Exercise brief
Each line of data below must be printed exactly as written, with any pictures removed.

Collected data
○ ○ ○
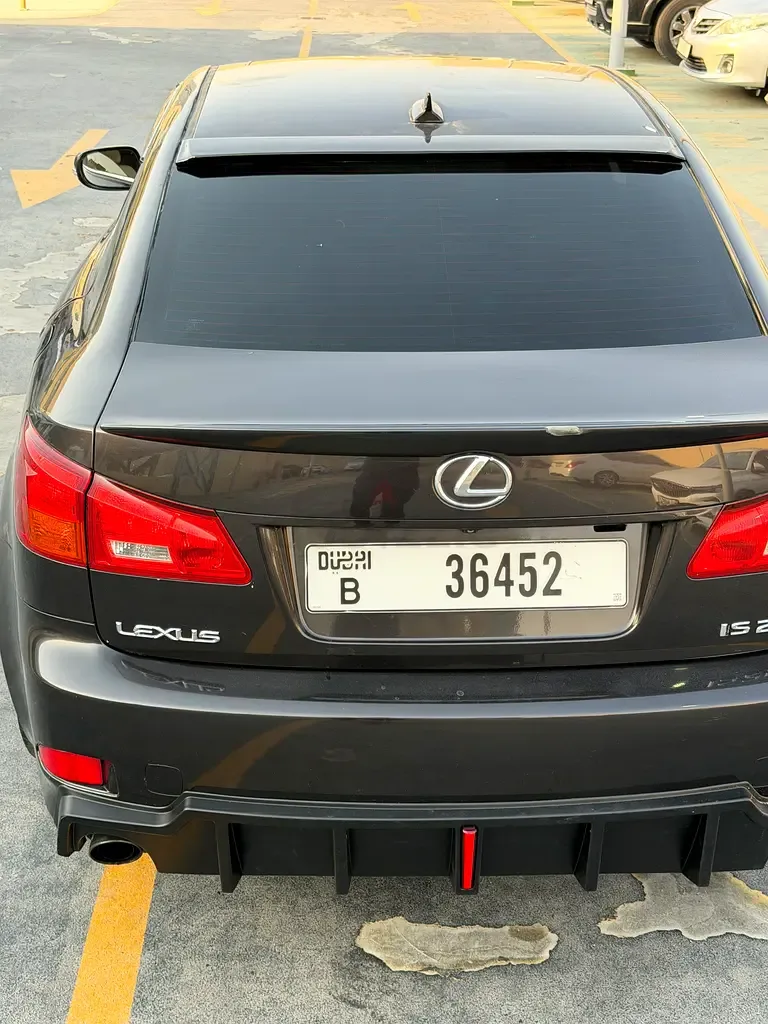 Lexus IS 2.5 AT (208 حصان) - 8
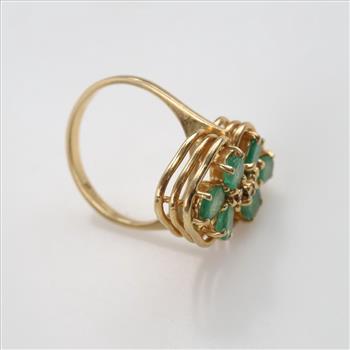 10kt Gold Green Stone Diamond Accent Ring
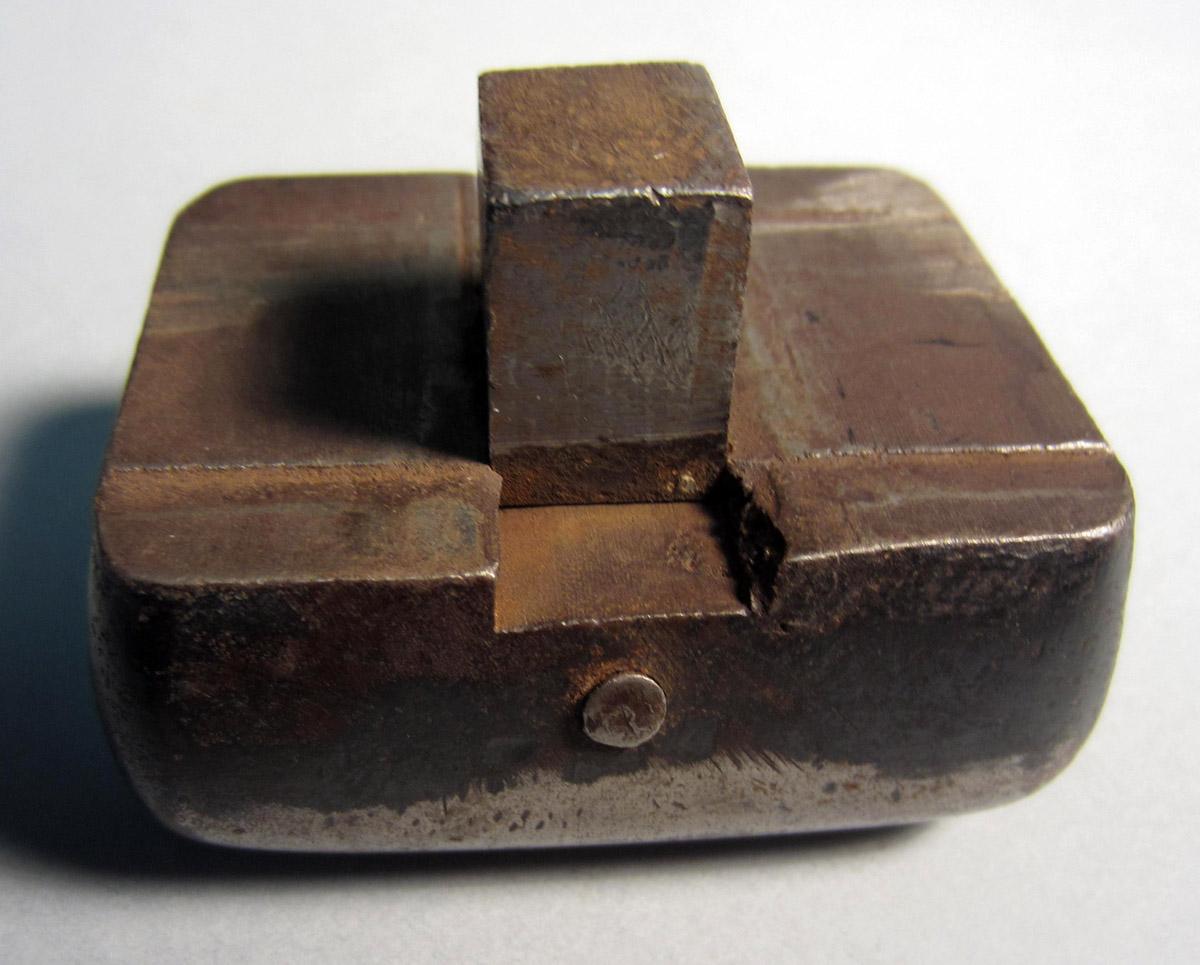 1986.0050.090 Planishing head, Underside view 2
○ ○ ○
Task output
 Lexus IS 2.5 AT (208 حصان) - 8
 10kt Gold Green Stone Diamond Accent Ring
 1986.0050.090 Planishing head, Underside view 2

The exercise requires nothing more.